Tagged: music

After a long day at work last week I was so pissed off upon arriving home that Kim promptly put a stiff drink in my hand and took me to the mall to buy that iPod touch I’d been pondering over for far too long to cheer me up. My dilemma has been the standard iPhone versus iPod touch. Data plan monthly or more up front cost. Reduced number of devices or more storage?

Given that I already had an old nano for the gym [yes, it's still going, Chris!] I was freed from that worry even though the new nano’s are pretty dope. When forced with the snap decision I decided that I won’t go for the iPhone until they come out with a 64gb version in future years which gives my collection some room to grow. Until then I have managed to squeak all of my music collection into the 32GB touch. Just. Really they should call it the 29.5 GB version as the system files seem to take up an awful lot of space.

Upon arriving home, the set up couldn’t have been easier as for once I could just ‘synch all’ and I was up half the night fiddling with the wireless applications and downloading music right to the touch from bed while Kim snoozed fitfully next to me. The user interface has been reviewed a billion times so I won’t rehash all of that here, but I did find it a compelling experience. The Mac OS in general is just a nice place to spend your time and I was happy to find the iPod touch no exception. The form factor of the iPod is also lovely – notably thinner than the iPhone but with the same ‘just-enough’ heft and curves. My greasy fingers made short work of the touch screen, though.
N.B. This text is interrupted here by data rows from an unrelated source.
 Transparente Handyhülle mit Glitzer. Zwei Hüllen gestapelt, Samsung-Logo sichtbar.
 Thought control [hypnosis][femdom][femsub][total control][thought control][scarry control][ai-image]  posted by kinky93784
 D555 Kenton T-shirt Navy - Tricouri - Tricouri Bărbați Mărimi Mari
Initially I was pretty convinced that all of this finger-pokey stuff was gimmick, but the myth quickly exploded after my first two hours of use. The implementation is really quite brilliant, and the UI is just so satisfying to use. I even managed to make my peace pretty quickly with typing on a touch sensitive keypad which I had hated when trying to text message on a friends’ iPhone. Again, the smartness of the predictive text lets you get away with a lot and the software makes you look awesome. I’ll never be able to match Adam’s left-thumb-only typing frenzy, but I’ll manage just fine in the interim.

eh?

eh?

I really, really, REALLY wanted the $250 set of Shure 310′s but even though I love my music I cannot justify a $250 set of earphones for these abused auditory canals. After about 20 minutes internal waffling, some package scrutinising and much cursing sotto voice, I managed to talk myself down to a $150 set of black Shure 210′s. If you believe Fabian [strange fellow], these clearly won’t be as good as the generic set that come free with the iPod.
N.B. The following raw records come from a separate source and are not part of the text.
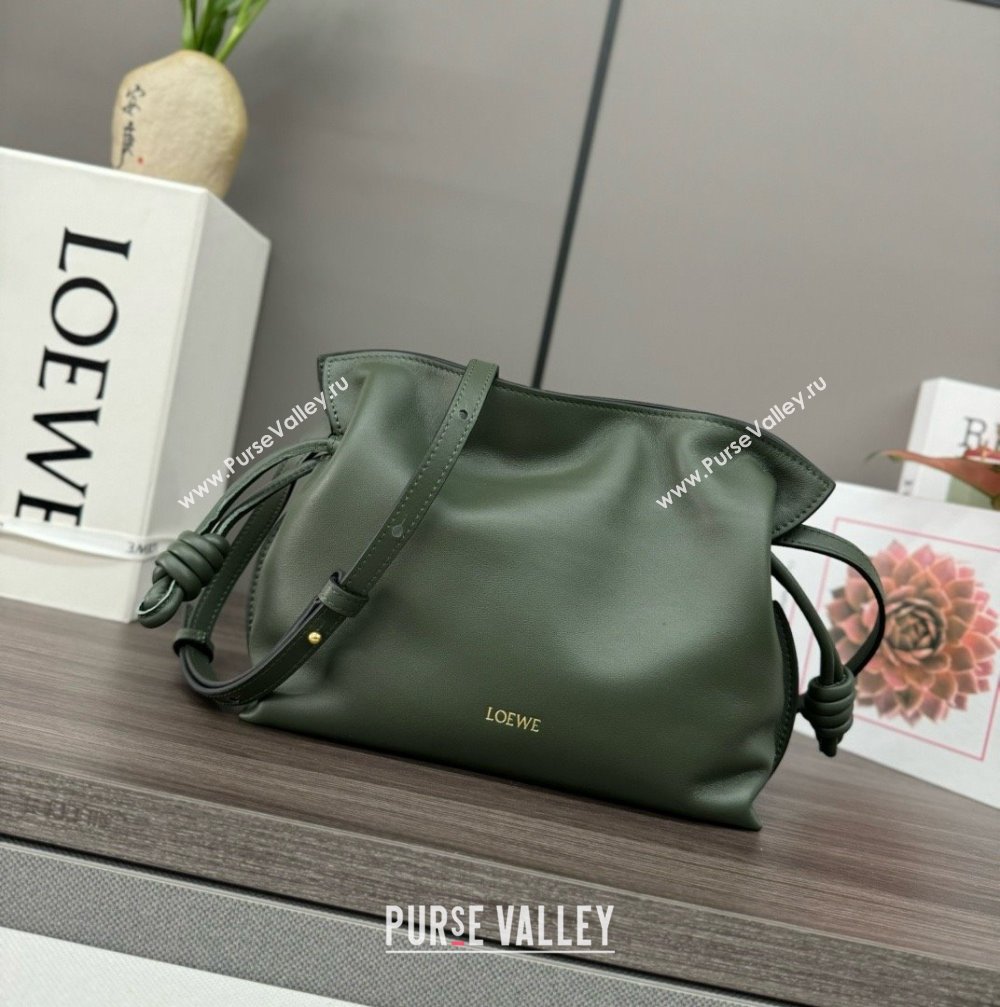 loewe Mini Flamenco clutch in nappa calfskin dark green 2023 (yongsheng-240328-08)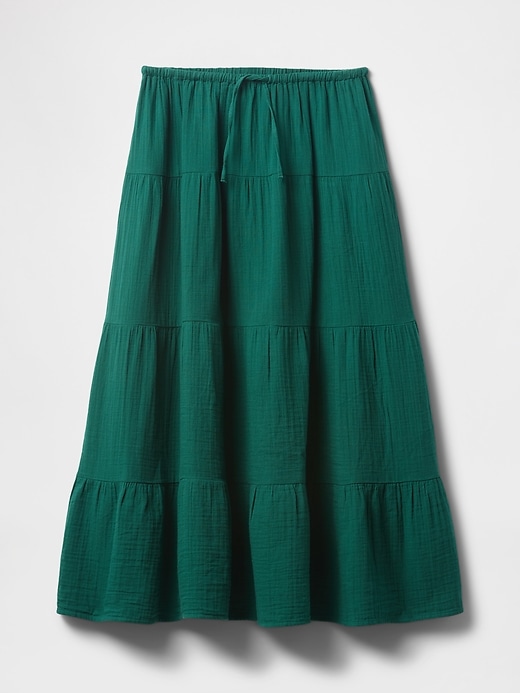 Image number 5 showing, Crinkle Gauze Tiered Maxi Skirt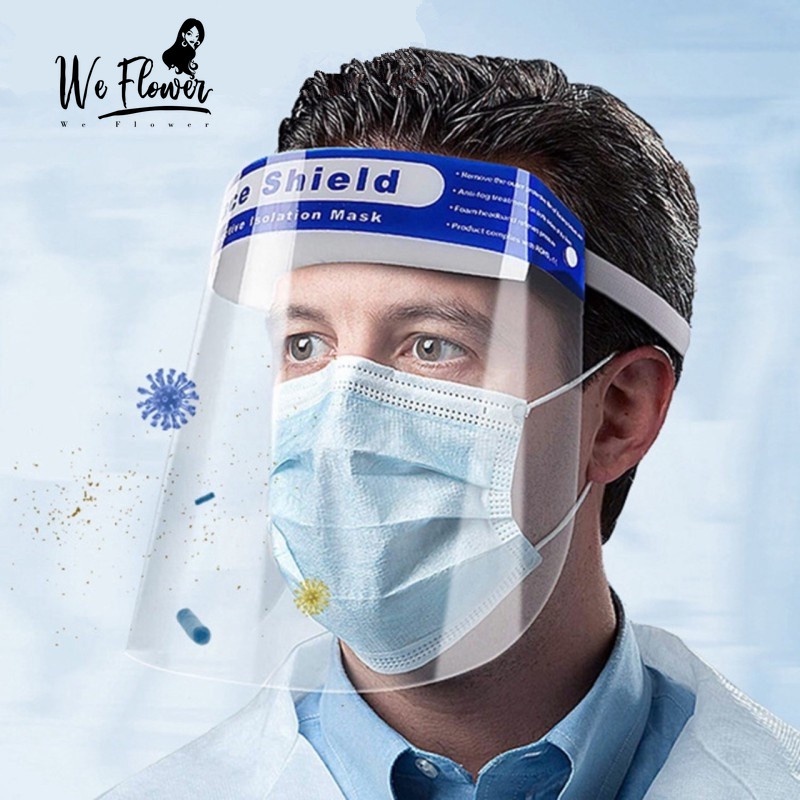 Tấm che mặt WE FLOWER trong suốt gọn nhẹ chống sương mù bảo vệ cho người lớn và trẻ em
Given that my priorities were reasonable musical presence, a good sound stage, clear / true bass without booming and a comfortable in-ear seal that reduces external noise, the 210′s seemed about right. After 3 days of use, I am very happy with the earphones, but not happy with most of my music being sampled at 128kbps. With cheap earphones, you can’t tell any difference with the massive compression but what quickly becomes apparent with a very nice set of cans is that your music collection sounds like it’s being played under a blanket of mud and cotton wool by Mr Fluffy and his Fluffies. Frankly the thought of re-ripping all of those CD’s at 160 or higher gives me the jitters, so I’ll settle for grandfathering in new music at the higher bitrate. In my last post’s comments we have also established pretty clearly that my friends have 20x better hearing than I do for which I can only blame Iron Maiden.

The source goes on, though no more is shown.